Mehr Musiktheater als Musik: Mit Kapitulation legen Tocotronic 2007 den zweiten Teil ihrer Berlin-Trilogie vor. Und zementieren ihren Ruf als magische Gitarrenvisionäre der Gesellschaftstheorie.

von Björn Springorum

hier könnt ihr euch Kapitulation anhören:

Nach dem Klassiker Pure Vernunft darf niemals siegen gönnen sich Tocotronic 2006 eine Pause von sich selbst.
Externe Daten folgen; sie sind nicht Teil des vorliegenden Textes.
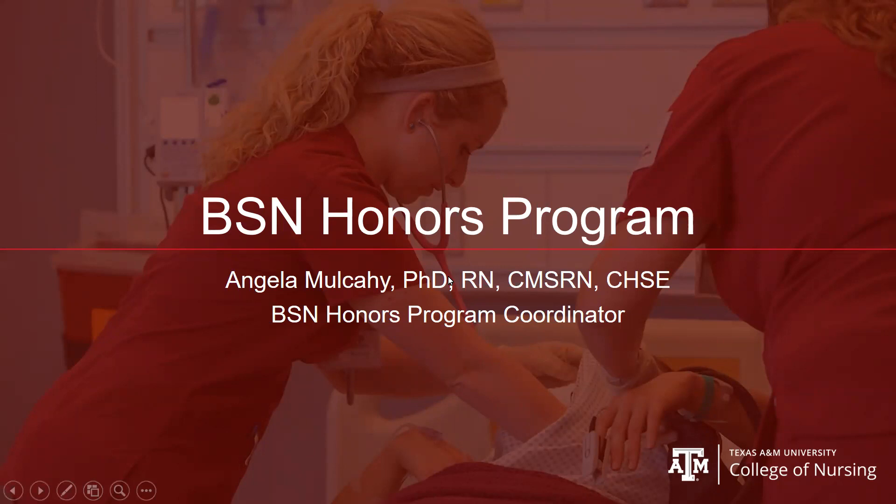Welcome to this review of the BSN Honors Program. I'm Angela Mulcahy, BSN Honors Program Coordinator, also faculty with the College of Nursing.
Seit dem Debüt Digital ist besser 1995 haben sie sieben Platten veröffentlicht, ein hohes Tempo, dazu Konzerte, Festivals in halb Europa und den USA. Urlaub steht dennoch nicht Agenda für die Propheten der Hamburger Schule: Sänger und Prediger Dirk von Lowtzow, Bassist Jan Müller und der recht neue Gitarrist Rick McPhail vollenden Soloplatten, verwirklichen sich abseits der mittlerweile gefestigten Pfade von Deutschlands wichtigster Rockband.

Der ahnungsvolle Geist der Rockmusik

Diesen Ruf hat man sich mit viel harter Arbeit und unglaublicher Musik erarbeitet. Spätestens seit K.O.O.K. (1999) sind die Diskursrocker von der lauten, verzerrten Schrammelband zum ahnungsvollen Geist geworden, zu beschwörenden Gitarrenalchemisten, deren Musik eine tiefe Magie entströmt und deren Texte eher vergeistigte Mantren im Geiste eines Michel Focault sind, durchzogen von griffigen Slogans, die die Band auf zahlreiche Tattoos oder Jutebeutel gebracht hat.

2007 setzen sie im Studio Chez Chèrie in Berlin-Neukölln ihre mit Pure Vernunft darf niemals siegen begonnene Berlin-Trilogie fort – eine Hommage an David Bowie freilich, eine Verbeugung vor den ganz großen Denkern der Rockmusik. Zu denen zählen Tocotronic auch. Aus der einstigen Studi-Band mit Cordhose, Trainingsjacke und Seitenscheitel ist ein Phänomen geworden, ein gesellschaftliches Ereignis. Einige Jahrzehnte nach Ton, Steine, Scherben gibt es wieder eine deutsche Band, die weiß, wo die Wunden der Gesellschaft liegen, und zielgenau den Finger hineinlegt.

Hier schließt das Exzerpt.